Professor of Labor and Industrial Relations Scott Molloy is an award-winning scholar, author and teacher who’s well known and loved for telling his story of labor while teaching about labor history.

His story goes like this: Encouraged by his father, a Providence cop, and his mother, a Providence schoolteacher, he earned his bachelor’s degree from Rhode Island College and his master’s degree in American history from the University of New Hampshire.

“Then I did what anyone would do with a master’s degree, I became a bus driver,” Professor Molloy said.

Labor history is so interesting. It’s not just a story; it’s an analysis of life.

He took the wheel of the bus and immersed himself in the history of the transit workers union, becoming a shop steward, president and business agent while pursuing his Ph.D. at Providence College. He operated out of the garage that once housed trolleys that were run by his Irish immigrant grandfather.

“I enjoyed the dichotomy of one foot in academia and the other on a gas pedal,” Professor Molloy said. “I discovered a penchant for teaching and learned a lifelong lesson: Don’t expect your students to automatically embrace the subject matter at hand without displaying a passion for the material yourself.”

Professor Molloy brought that passion to his research and discovered some of the most poignant stories of labor history. His book, Irish Titan, Irish Toilers, Joseph Banigan and 19th Century New England Labor, recounts the previously untold story of a child laborer who became wealthy industrialist. His earlier book, Trolley Wars, Streetcar Workers on the Line, provides an intimate look at streetcar workers during the Rhode Island Transit Strike of 1902.
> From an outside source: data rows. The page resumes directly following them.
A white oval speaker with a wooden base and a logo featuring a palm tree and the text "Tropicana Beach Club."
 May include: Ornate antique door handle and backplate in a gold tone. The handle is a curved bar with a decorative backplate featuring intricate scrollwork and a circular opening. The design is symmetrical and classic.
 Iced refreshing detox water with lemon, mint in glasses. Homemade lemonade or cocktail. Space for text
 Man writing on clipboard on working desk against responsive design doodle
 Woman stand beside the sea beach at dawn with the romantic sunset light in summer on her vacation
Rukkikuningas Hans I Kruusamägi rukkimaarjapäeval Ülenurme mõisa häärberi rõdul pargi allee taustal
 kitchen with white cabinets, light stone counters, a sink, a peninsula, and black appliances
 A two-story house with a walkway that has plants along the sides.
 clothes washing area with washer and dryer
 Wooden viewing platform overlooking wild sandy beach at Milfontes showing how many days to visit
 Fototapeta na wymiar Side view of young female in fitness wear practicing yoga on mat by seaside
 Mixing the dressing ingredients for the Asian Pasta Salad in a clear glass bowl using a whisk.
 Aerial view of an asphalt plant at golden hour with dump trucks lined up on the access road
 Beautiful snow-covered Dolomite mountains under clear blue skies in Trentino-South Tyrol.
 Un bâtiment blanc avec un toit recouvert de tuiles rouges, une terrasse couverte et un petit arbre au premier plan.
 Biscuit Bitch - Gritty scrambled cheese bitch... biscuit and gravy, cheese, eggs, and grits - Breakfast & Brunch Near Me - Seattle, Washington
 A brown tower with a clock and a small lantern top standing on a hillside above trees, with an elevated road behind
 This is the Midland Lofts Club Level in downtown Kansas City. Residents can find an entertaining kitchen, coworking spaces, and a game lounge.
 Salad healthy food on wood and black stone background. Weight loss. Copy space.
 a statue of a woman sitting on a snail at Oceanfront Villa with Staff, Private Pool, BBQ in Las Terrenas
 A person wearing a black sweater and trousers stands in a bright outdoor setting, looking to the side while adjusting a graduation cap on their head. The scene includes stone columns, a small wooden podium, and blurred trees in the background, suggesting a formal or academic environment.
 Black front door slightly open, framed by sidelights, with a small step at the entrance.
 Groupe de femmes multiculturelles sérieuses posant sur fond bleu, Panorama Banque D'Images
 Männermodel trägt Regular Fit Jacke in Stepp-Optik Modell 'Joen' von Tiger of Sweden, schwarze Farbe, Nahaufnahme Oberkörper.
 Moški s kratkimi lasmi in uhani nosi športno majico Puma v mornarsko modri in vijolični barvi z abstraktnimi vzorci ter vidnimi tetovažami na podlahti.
“These are the kind of books that are generally never written because the source material is so scarce. But I stick with these subjects because they are the stories of the hardships and struggles of the working class,” said Professor Molloy, who is the president and founder of the R.I. Labor History Society and helped to build the Irish Famine Memorial in Providence.

“Labor history is so interesting. It’s not just a story; it’s an analysis of life,” Professor Molloy explained. “I try to convey my enthusiasm for the subject, because if I’m not interested, why should my students be?”